The CFPB’s actions have also raised a fundamental issue of whether the agency has observed due process or simply chosen an arbitrary route in its rulemaking. On several occasions, CFSA raised serious concerns over the CFPB’s inaccurate categorization of the unique, individualized comment letters it received. Additionally, CFSA expressed concern about whether the Bureau was appropriately reviewing and considering all public comments as required by the Administrative Procedure Act (APA). CFSA also cited concern about the inconsistent process in which the comment letters were posted to Regulations.gov for public viewing.

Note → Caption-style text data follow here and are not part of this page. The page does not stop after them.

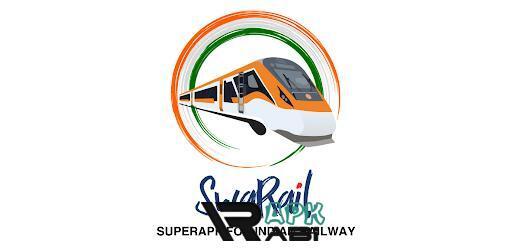 Thumbnail SwaRail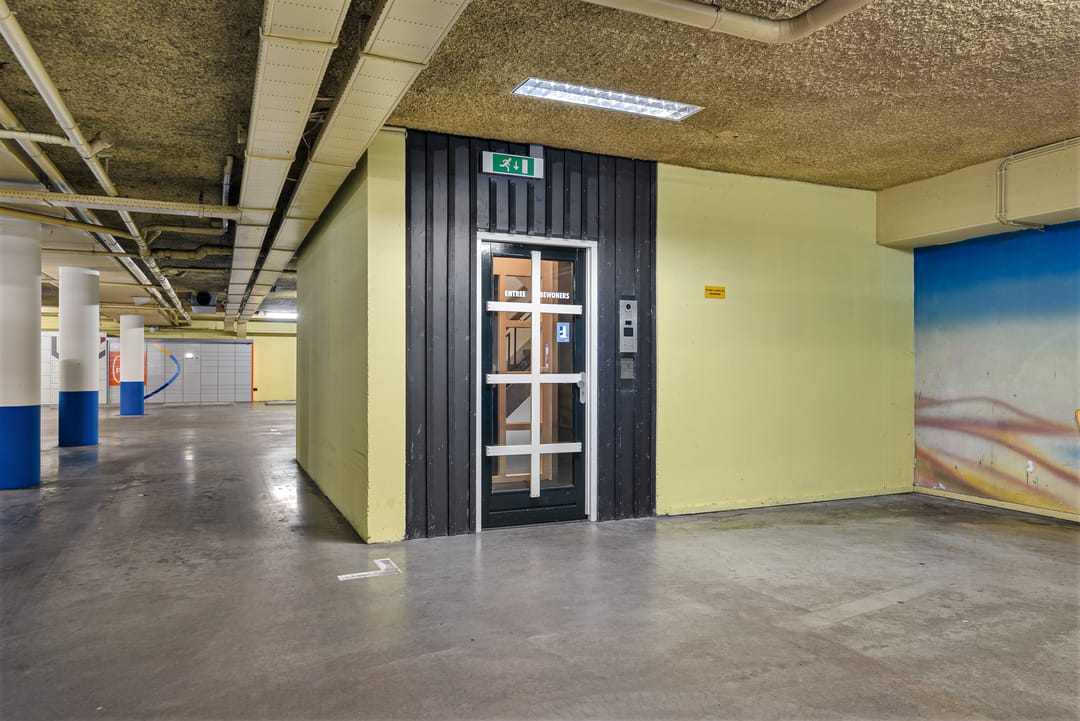 Photo 47 of Plein 24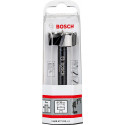 Bosch Forstner drill wavy, 30mm (length 90mm)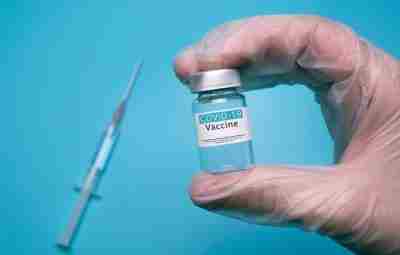 Обновлённая вакцина «Спутник Лайт» зарегистрирована в России. Было заявлено, что вакцина может поступить в…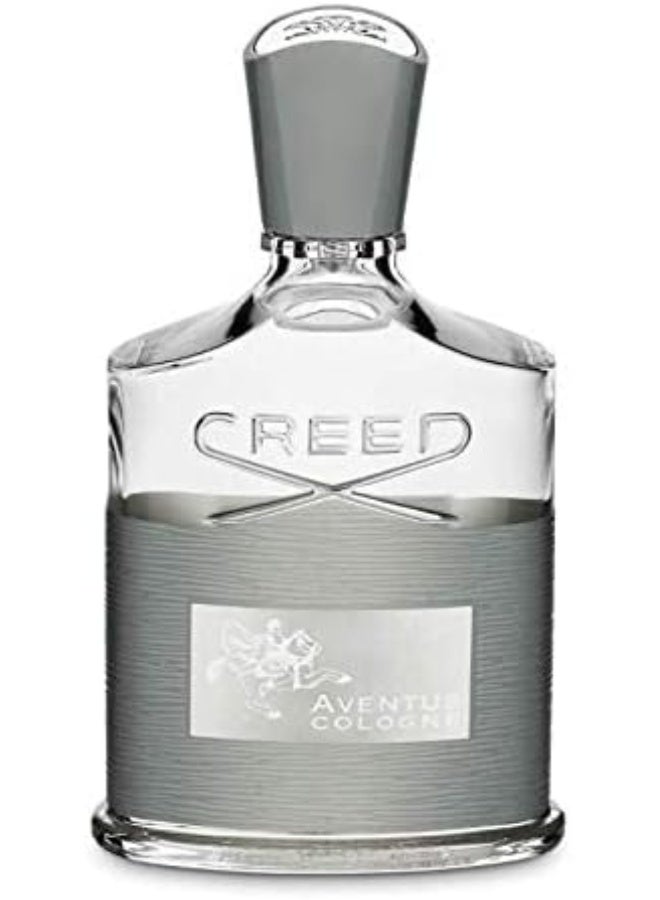 كريد - عطر أفينتوس كولونيا أو دو بارفان - Image 1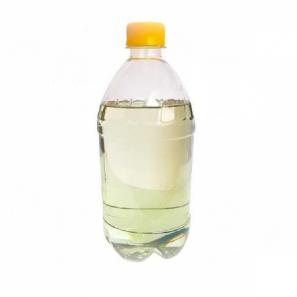 مرکز فروش رزین پلی استر سیلیکون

Given the overwhelming volume of customer comments and the CFPB’s duty to read each of them, it seems suspect that the CFPB was able to review the comments as it is required by law. Ignoring the people who use small-dollar loans shows that the Bureau has chosen special interests and activist groups over the very consumers it claims to protect.”
The iA Perspective
As most in the ARM industry know, the CFPB has also been hard at work on a debt collection rule. Although the bureau carved off a chunk of the expected coverage for the rule and pushed its timeline out, one can only imagine the number of pages that will be required to address the complex market.
At this point, the timing of the debt collection rule is unknown. Over the summer, the latest timeline stated September 2017, though that seemed unlikely, given - among other factors - that the bureau had just kicked off a new consumer survey (titled, “Debt Collection Quantitative Disclosure Testing,” this time, to gather information regarding the effectiveness of disclosures).
Director Cordray has said on a number of occasions that he views rulemaking as an iterative process. Indeed, mortgage rules have now seen amendments to amendments. Perhaps he views rulemaking the way many software companies view new releases -- get it out in beta and issue fixes along the way.